= Patricia DiMango =

Television Court Judge

Patricia Mafalda DiMango (born May 19, 1953) is a retired American justice of the Supreme Court of Kings County, New York, and television personality.

DiMango starred as one of three judges along with Judge Tanya Acker, Judge Larry Bakman, Judge Michael Corriero, and court room bailiff Sonia Montejano on the panel-based reality court show Hot Bench.

==Education==

DiMango, a Brooklyn native, earned a Bachelor of Science degree from Brooklyn College at the City University of New York, as well as a Master of Arts degree from Columbia University Teachers College. She received a Juris Doctor degree from the St. John's University School of Law.

==Career==

DiMango is a former college professor and NYC public school teacher. DiMango was appointed as a Judge of the Criminal Court of the City of New York by Mayor Rudolph Giuliani in 1995. She was appointed Acting Justice of the State Supreme Court, 2nd Judicial District in 1998.

She was elected as a justice of the Supreme Court of Kings County in 2002.

Judge DiMango was one of the three judges on the panel court show Hot Bench, created by Judge Judy Sheindlin, that debuted in September 2014.

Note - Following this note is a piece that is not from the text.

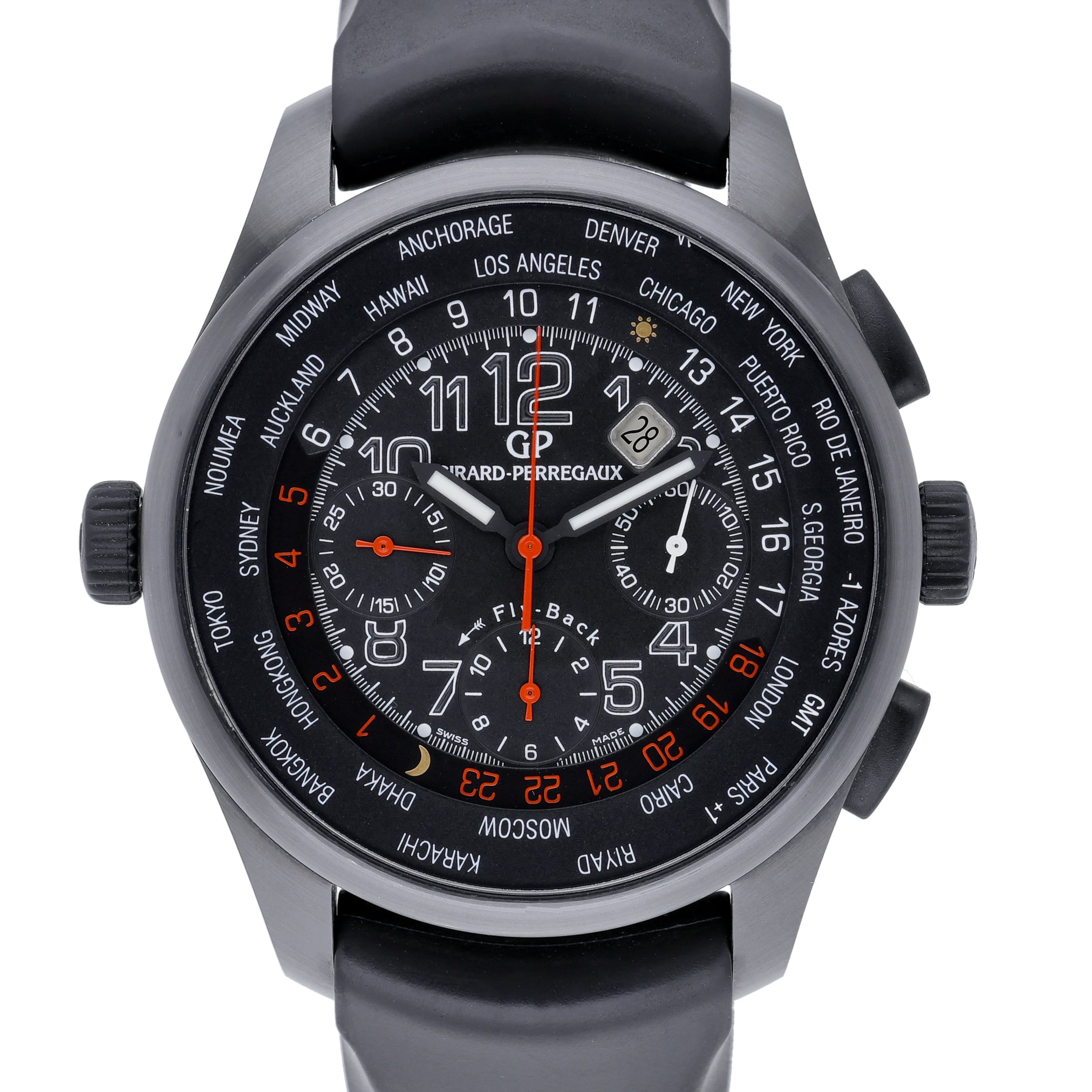 Girard-Perregaux Ww.Tc Dark Night at Sonning Vintage Watches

DiMango has been involved with numerous other high-profile cases, including murders and other crimes committed against children, and hate crimes.

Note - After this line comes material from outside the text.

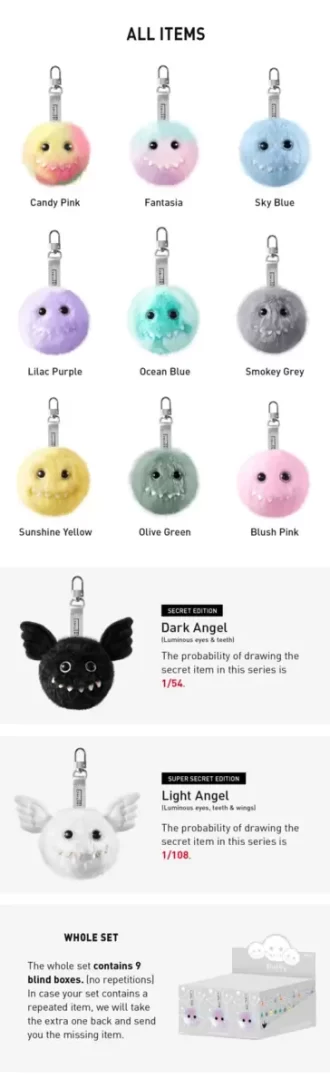 INSTINCTOY FLUFFY-Peluş Kolye 2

In March 2013, she first became involved with the case of Kalief Browder, who had spent over three years in Rikers Island awaiting trial. On May 29, 2013, on his 31st court appearance, she ordered his release.

She guest starred as a judge on season 13, episode 1 of Blue Bloods.

She is one of three judges, along with Tanya Acker and Adam Levy, on Amazon Prime Video's series titled Tribunal Justice, which debuted in June 2023 and is also a creation of Judy Sheindlin.